§ **REQUIRED ACTION**: When you transcribe the entries below, begin at their first line and stop after the line containing "Beautiful stone steps"; pictures stay out.

- - - - -

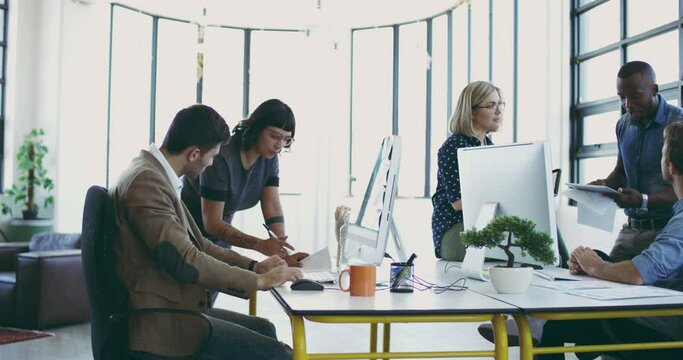 Getting everyone in on the project. Group of businesspeople at work in a modern office. Group of five diverse businesspeople working and talking around a desk in a modern office at work.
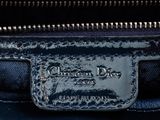 the inside of a black purse with a silver metal buckle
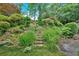 Beautiful stone steps and a colorful landscaped garden lead to the home at 251 Beverly Ne Rd, Atlanta, GA 30309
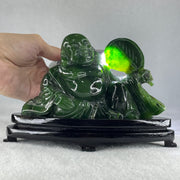 Natural Dark Green Serpentine Siting Milo Buddha with Waving Fan with Wooden Stand Display 765.0g 180.0 by 90.0 by 115.0mm - Huangs Jadeite and Jewelry Pte Ltd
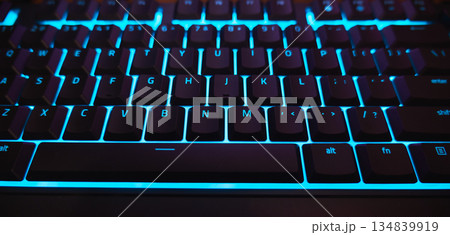 Backlit Gaming Keyboard with Cyan Blue LED Light Close-up. High quality photo Backlit Gaming Keyboard with Cyan Blue LED Light Close-up. High quality photo 134839919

- - - - -

§ **ANSWER SPACE**:
 Getting everyone in on the project. Group of businesspeople at work in a modern office. Group of five diverse businesspeople working and talking around a desk in a modern office at work.
 the inside of a black purse with a silver metal buckle
 Beautiful stone steps and a colorful landscaped garden lead to the home at 251 Beverly Ne Rd, Atlanta, GA 30309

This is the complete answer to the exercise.